Overloading in a dynamic functional language

Hi,
it looks like I have a little problem with overloading in my own programming language Ela. (There is a prototype here if you are interested: http://groups.google.com/group/elalang/browse_thread/thread/ee93a6de62533b22)

What we have:
* a functional language (not a pure one but pretty oriented towards pure functional programming)
* a dynamic language

Without overloading it is even not possible to implement your own numeric type and support standard operators for it such as "+", "-", etc. So it seems like a very handy thing to have. However when we take a dynamic functional language it is not really clear what is the direct way to go.

The requirement is - to have overloaded functions as first class functions (first class values).

I have one solution but it looks like I actually created solid ground for side effects. This is how it works:

open Con

let foo x = "foo1"
 on Any

let _ = writen (foo 12)

let foo x = "foo2"
 on Int#
 
let _ = writen (foo 12)

The first function is overloaded for "any" type, the second - only for integers. Overloads are dynamic and are processed as regular bindings (in the order of execution).
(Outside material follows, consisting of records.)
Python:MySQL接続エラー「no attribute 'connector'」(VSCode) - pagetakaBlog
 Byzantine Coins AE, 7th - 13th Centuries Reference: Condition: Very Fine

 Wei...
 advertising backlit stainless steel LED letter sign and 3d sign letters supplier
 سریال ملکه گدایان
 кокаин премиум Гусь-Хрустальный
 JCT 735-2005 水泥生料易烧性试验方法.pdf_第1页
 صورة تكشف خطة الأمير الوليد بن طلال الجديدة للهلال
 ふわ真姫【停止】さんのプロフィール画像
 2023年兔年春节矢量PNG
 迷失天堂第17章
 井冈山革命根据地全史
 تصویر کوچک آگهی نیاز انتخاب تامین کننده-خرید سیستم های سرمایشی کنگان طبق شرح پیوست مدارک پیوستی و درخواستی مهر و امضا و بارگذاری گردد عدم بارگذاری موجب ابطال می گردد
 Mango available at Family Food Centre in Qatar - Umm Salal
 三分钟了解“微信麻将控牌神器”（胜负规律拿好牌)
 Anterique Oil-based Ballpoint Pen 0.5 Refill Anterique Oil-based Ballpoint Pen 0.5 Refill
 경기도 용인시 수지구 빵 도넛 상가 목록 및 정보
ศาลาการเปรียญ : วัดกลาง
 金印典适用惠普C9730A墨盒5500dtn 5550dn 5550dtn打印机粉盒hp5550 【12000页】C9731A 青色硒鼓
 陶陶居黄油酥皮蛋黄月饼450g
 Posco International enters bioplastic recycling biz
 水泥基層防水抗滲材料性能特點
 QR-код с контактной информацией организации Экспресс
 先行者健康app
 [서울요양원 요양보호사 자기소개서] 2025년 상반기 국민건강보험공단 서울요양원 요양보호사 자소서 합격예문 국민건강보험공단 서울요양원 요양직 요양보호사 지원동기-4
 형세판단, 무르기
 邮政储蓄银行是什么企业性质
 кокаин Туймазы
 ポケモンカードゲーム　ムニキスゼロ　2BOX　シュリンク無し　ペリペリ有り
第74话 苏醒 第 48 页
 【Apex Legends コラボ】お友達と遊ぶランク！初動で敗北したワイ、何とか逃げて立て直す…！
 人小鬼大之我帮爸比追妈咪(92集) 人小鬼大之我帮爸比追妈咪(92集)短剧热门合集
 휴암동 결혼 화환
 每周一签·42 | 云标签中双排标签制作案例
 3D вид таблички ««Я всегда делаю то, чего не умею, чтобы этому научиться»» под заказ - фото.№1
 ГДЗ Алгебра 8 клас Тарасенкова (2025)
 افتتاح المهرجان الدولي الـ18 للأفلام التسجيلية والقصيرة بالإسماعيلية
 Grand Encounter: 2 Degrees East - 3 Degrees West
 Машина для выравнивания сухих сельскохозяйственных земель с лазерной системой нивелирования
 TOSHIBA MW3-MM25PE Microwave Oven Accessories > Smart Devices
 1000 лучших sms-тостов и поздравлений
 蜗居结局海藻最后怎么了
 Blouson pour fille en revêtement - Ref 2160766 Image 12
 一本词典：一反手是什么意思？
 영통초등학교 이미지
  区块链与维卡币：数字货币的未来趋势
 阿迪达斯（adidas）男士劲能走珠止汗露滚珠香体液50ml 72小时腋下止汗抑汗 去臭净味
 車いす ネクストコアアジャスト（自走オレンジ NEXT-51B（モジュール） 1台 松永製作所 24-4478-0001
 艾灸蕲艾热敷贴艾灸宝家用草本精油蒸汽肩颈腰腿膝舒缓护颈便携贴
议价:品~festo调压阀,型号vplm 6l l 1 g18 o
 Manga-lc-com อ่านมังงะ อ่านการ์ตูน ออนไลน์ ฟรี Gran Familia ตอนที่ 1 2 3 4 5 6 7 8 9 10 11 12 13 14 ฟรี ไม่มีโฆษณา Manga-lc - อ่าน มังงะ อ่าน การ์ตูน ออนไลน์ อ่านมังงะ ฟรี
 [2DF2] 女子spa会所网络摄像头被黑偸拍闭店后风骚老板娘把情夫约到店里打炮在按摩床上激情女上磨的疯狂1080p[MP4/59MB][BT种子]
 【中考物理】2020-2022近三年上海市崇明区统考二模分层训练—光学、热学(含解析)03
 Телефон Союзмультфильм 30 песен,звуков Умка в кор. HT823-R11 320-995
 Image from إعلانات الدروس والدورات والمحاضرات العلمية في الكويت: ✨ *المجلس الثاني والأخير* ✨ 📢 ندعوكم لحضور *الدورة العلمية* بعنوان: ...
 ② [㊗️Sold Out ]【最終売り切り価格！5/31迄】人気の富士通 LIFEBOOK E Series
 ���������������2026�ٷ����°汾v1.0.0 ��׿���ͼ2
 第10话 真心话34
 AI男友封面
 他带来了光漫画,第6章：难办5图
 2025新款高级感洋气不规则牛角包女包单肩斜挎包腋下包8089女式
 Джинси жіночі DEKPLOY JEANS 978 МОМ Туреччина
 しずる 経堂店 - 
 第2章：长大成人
And here is the result - when I call "foo" function before the second overload a first implementation is called, but after the second overload the second implementation fits best and it gets called. The function invocation code is the same in both cases as you see.

I have a strong feeling that this is a problem. What do you think?
Also what are other ways to do "pure" overloading? If I want to preserve regular bindings semantics.

Thanks.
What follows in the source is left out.